We estimate these models with OLS using listwise deletion on the full set of variables.

## 2.1. Path a: X → M (TENS → ET), adjusting for full covariates

In [None]:
print(f"H4 full-control sample size (listwise): N = {len(h4_df_full)}")
a_model_full = smf.ols(
    formula=(
        "ET_mean_imputed_c ~ "
        "TENS_Life_mean_imputed_c "
        "+ age_imputed_c + C(gender) "
        "+ PHQ5_mean_imputed + SSRPH_mean_imputed + GAAIS_mean_imputed "
        "+ C(Country) + C(role_label)"
    ),
    data=h4_df_full,
).fit()

print("H4 Path a (TENS_Life_mean_imputed_c → ET_mean_imputed_c; full-control):")
display(a_model_full.summary().tables[1])

In [None]:
print(f"R² (Path a, full-control) = {a_model_full.rsquared:.3f}")

TENS → ET: b ≈ −0.025, p ≈ .13 → not significant

Strong positive associations of ET with:
- PHQ5 (b ≈ 0.21, p < .001)
- SSRPH (b ≈ 0.28, p < .001)
- GAAIS (b ≈ 0.12, p < .001)

R² ≈ .25

Once we partial out symptoms, stigma, and general AI attitudes, there’s no clean residual link from need satisfaction to epistemic trust.

## 2.2. Paths b and c': M and X → Y, adjusting for same covariates

In [None]:
b_model_full = smf.ols(
    formula=(
        "UTAUT_AI_mean_imputed ~ "
        "TENS_Life_mean_imputed_c + ET_mean_imputed_c "
        "+ age_imputed_c + C(gender) "
        "+ PHQ5_mean_imputed + SSRPH_mean_imputed + GAAIS_mean_imputed "
        "+ C(Country) + C(role_label)"
    ),
    data=h4_df_full,
).fit()

print("H4 Paths b + c' (ET_mean_imputed_c and TENS_Life_mean_imputed_c → UTAUT_AI_mean_imputed; full-control):")
display(b_model_full.summary().tables[1])

In [None]:
print(f"R² (Path b/c', full-control) = {b_model_full.rsquared:.3f}")
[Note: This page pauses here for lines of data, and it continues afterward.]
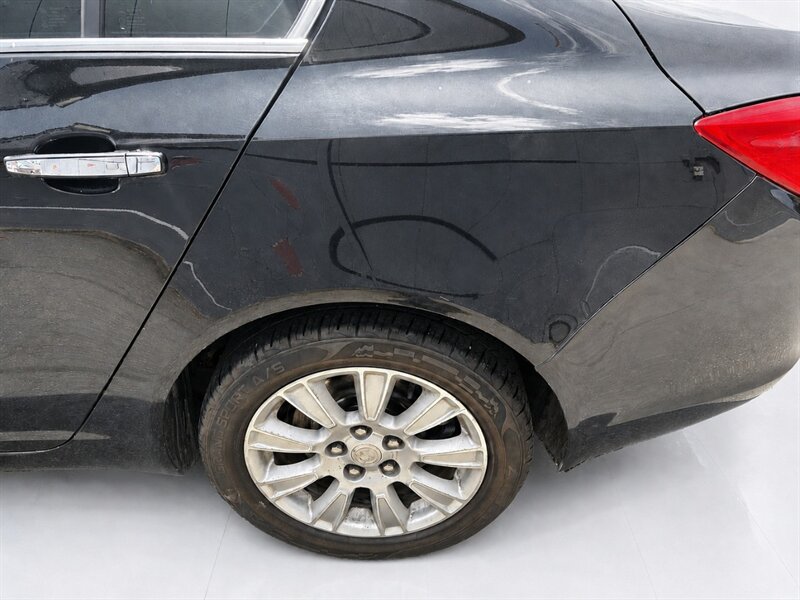 Used 2013 Buick Regal Premium FWD image 22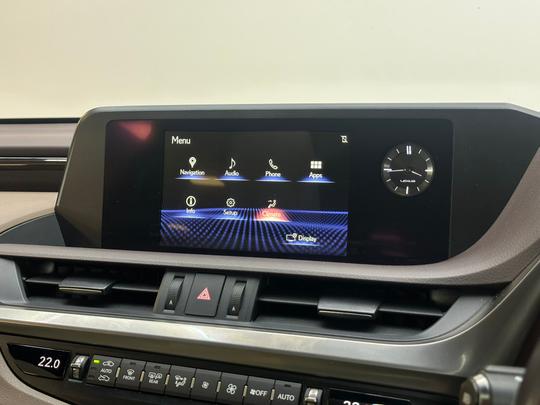Lexus ES Photo 63cae6e0-680a-4e12-ac6e-615213de5cf3.jpg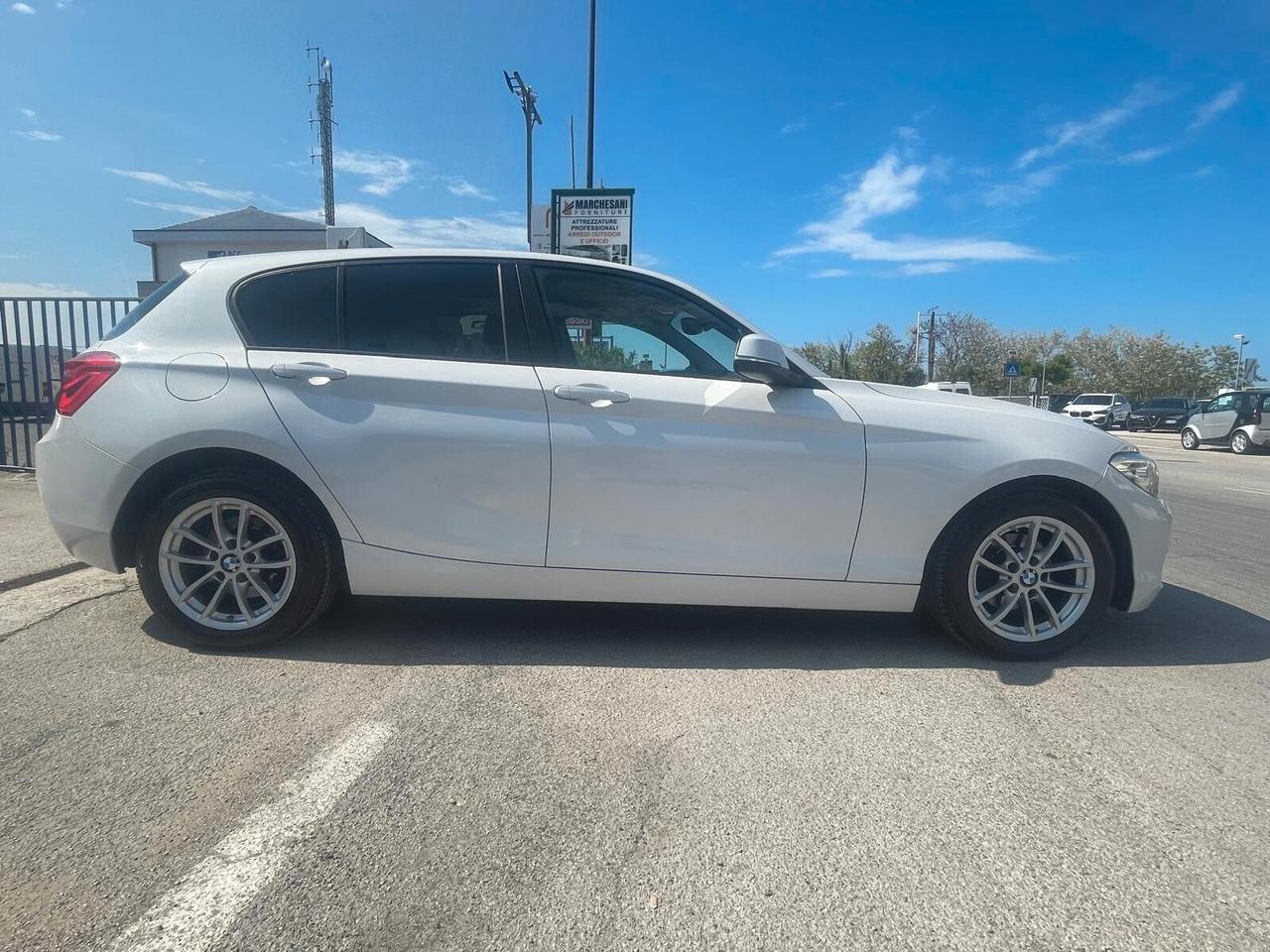 Bmw 116 116d 5p. Advantage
ET → UTAUT (b-path): b ≈ 0.205, p < .001 → clear positive effect.

TENS → UTAUT (c′): b ≈ 0.094, p < .001 → small but solid positive direct effect.

Strong positive effect of:

- Country (USA vs China) ≈ 1.09, p < .001
- GAAIS (b ≈ 0.24, p < .001)
- R² ≈ .29

Indirect (full-control)
- a ≈ −0.025, b ≈ 0.205 → a×b ≈ −0.0051 → tiny, likely not practically meaningful.

Conclusion for full-control model

- Mediation is not supported in the classic “needs → trust → acceptance” sense.
- ET is a strong independent predictor of UTAUT.
- TENS has its own direct positive effect on UTAUT (controlling for ET, symptoms, stigma, GAAIS, Country, role).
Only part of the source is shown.